• **Activity**:
The data needs to be returned in full, exactly as it reads.

• **Collected material**:
────────────────────
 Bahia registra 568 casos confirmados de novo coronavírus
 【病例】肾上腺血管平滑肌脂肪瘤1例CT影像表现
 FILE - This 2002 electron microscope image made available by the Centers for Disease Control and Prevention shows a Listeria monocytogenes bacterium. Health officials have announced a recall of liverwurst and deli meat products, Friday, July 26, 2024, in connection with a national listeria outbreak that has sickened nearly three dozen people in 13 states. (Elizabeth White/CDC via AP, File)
────────────────────
• **Result**:
 Bahia registra 568 casos confirmados de novo coronavírus
 【病例】肾上腺血管平滑肌脂肪瘤1例CT影像表现
 FILE - This 2002 electron microscope image made available by the Centers for Disease Control and Prevention shows a Listeria monocytogenes bacterium. Health officials have announced a recall of liverwurst and deli meat products, Friday, July 26, 2024, in connection with a national listeria outbreak that has sickened nearly three dozen people in 13 states. (Elizabeth White/CDC via AP, File)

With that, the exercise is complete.